Vitamin B6 occurs in 3 forms–pyridoxine, pyridoxal, and pyridoxamine. B6 is absorbed in the large intestine. The muscle stores more or less 75-80 % of the vitamin even though the live stores approximately 5-10 %.
B6 is required for transaminations, decarboxylations, dehydratases, side-chain cleavage reactions, and ammonia release. Its aldehyde class functions as a Schiff base to react with the amino groups of amino acids. It basically acts to shuttle nitrogen between compounds.
Functions- The 3 types of B6 can all be switched into on the coenzyme PLP which aids in transamination & protein metabolism. PLP is essential for glycogen degradation; it also helps with the formation of the neurotransmitter, serotonin, the nonprotein portion of hemoglobin (heme), nucleic acids, and lecithin. Vitamin B6 is essential for the metabolic process of tryptophan to niacin.
· Transaminations These responses are needed to recycle as well as reuse nitrogen in the entire body. They’re the first phase in amino acid catabolism as well as the very last phase in the synthesis of nonessential amino acids. Example: a-ketoglutarate + asparate glutamate + oxaloacetate
· Serine/ Threonine Deamination (Dehydratases) This response supplies the generation of the a-keto acids of serine as well as threonine through oxidative removal of N as ammonia Example: Serine a-keto-serine + NH4+
· Decarboxylation These reactions often occur on the neuroactive amines of seratonin, tyramine, histamine, and GABA. They also are crucial in porphyrin synthesis, intermediates within the synthesis of sphingomyelin, taurine and lecithin, and also for the breakdown and desulfuration of cysteine.
· Glycogen Phosphorylase 50 % of all B6 within the body is certain to glycogen phosphorylase but the value is unknown. The response is important for recycling of folate and is as follows:
Serine glycine + 5,10-methylene-THF
Deficiency Deficiencies of vitamin B6 are fairly uncommon. Individuals with a diet deficient in vitamin B6 will 1st show signs of weakness, nervousness, insomnia, irritability, and hydrated skin lesions. Much more advanced symptoms include growth failure, impaired motor function, hypochromic microcytic anemia, smooth tongue, and convulsions.

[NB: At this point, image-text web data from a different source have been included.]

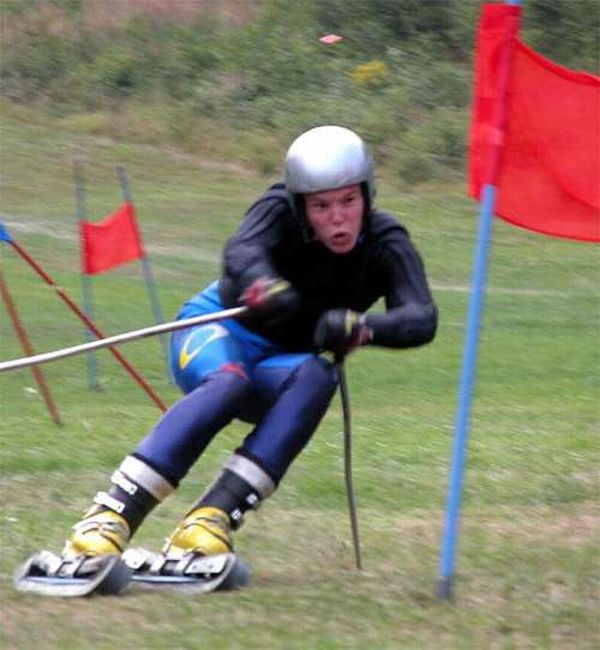 Grass Skiing (21 pics)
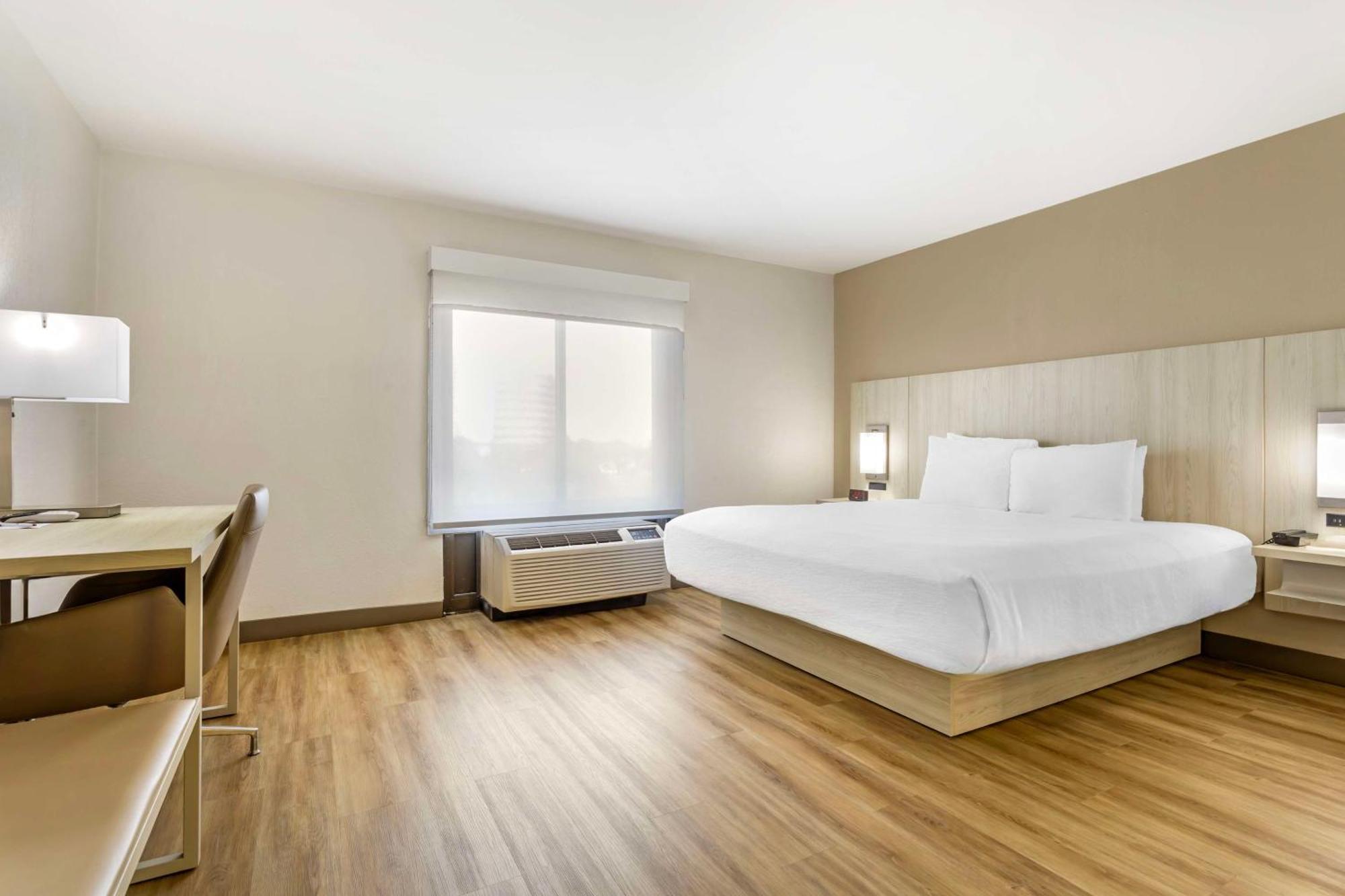 Best Western Plus Sugar Land-Stafford Exterior photo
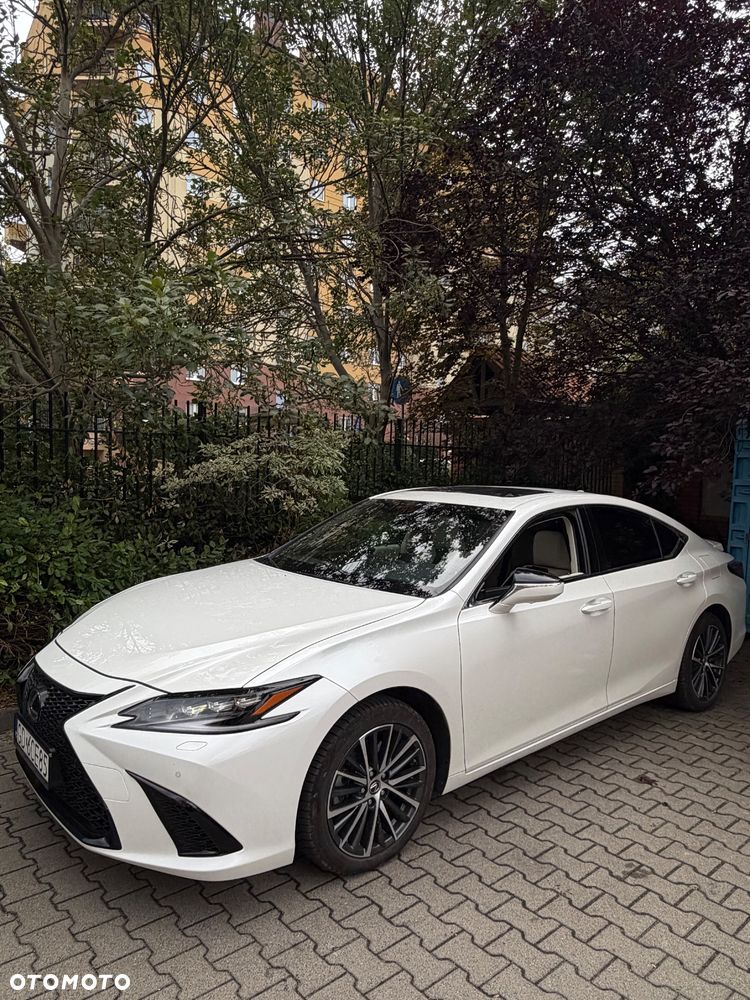 Lexus ES - 1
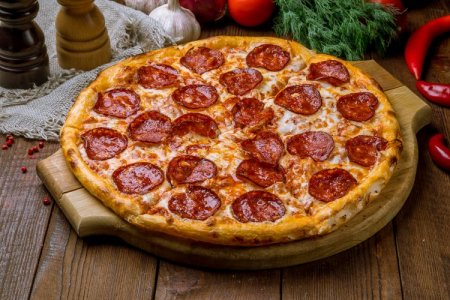 20 Pizzarezepte mit Wurst, die dich begeistern werden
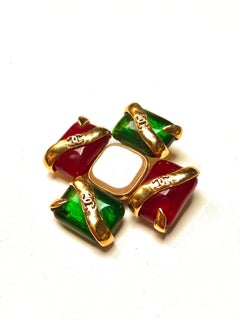 Rare broche Chanel, printemps 1994, Robert Goossens & Maison Gripoix, Lagerfeld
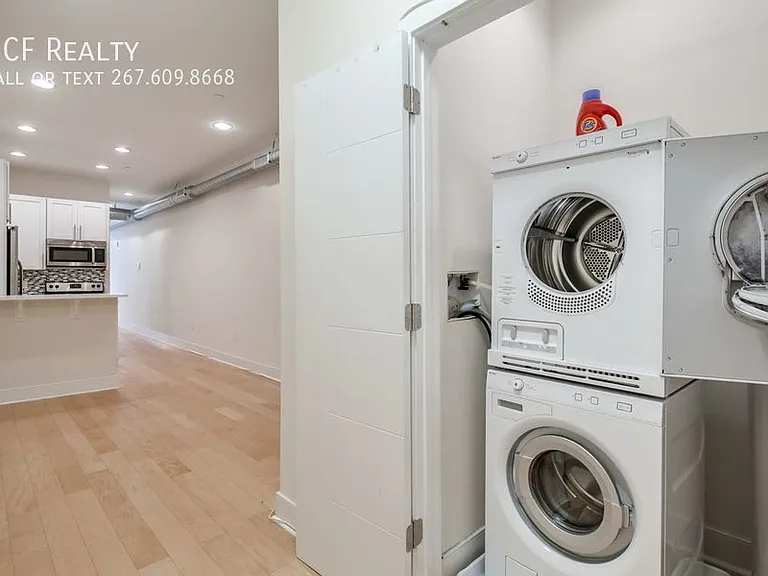 1305 Locust St #2B — Photo 4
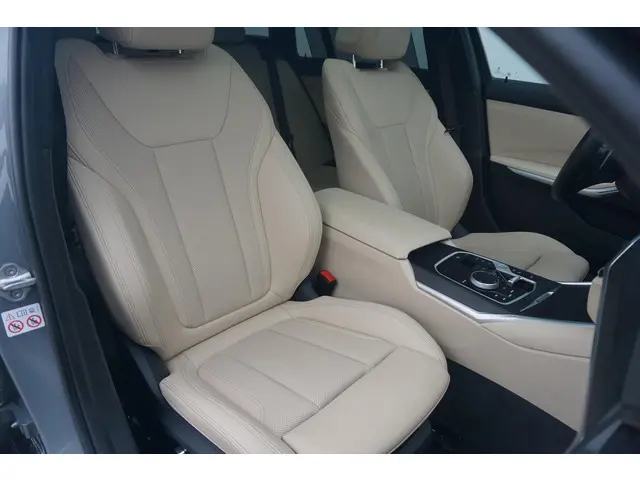 BMW 3 Serie Touring 330e xDrive 2022 Hybride Benzine 8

The impaired motor performance along with other psychological problems could be linked to a decrease in amino acid-based neurotransmitters (serotonin, GABA, tyramine, epinephrine). meal preps delivered see a growth in urea excretion because of a decline synthesis of nonessential amino acids. The nitrogen from these amino acids is not recycled by transamination and instead is excreted and also lost. You see a rise in urinary excretion particularly in the succeeding amino acids: metabolites of glycine, methionine, & tryptophan. The hypochromic microcytic anemia is mainly because that there’s a decreased synthesis of the B6 dependent porphyrin ring of hemoglobin.

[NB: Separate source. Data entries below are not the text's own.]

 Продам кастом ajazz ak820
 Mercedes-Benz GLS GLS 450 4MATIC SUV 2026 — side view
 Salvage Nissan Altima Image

People who are at most risk include the older folk with inadequate vitamin intake, alcoholics, hemodialysis patients, and those who are on drug therapy. General, individuals with a high metabolic stress.
Sources Foods richest in vitamin B6 include:
o whole grains o legumes o nuts o navy beans o walnuts o meat (sirloin and chicken) o fish (salmon and shellfish) o bananas along with apples o broccoli and spinach
Therapeutics Vitamin B6 might provide healing advantages for the second syndromes: carpal tunnel syndrome, glucose intolerance, sideroblastic anemia, neurologic problems, hyperoxaluria, convulsive seizures, monosodium glutarate (MSG) intolerance, premenstral syndrome (pms) and Immune function. Furthermore, vitamin B6 might help decrease homocysteine levels and thus the risk of getting cardiovascular disease.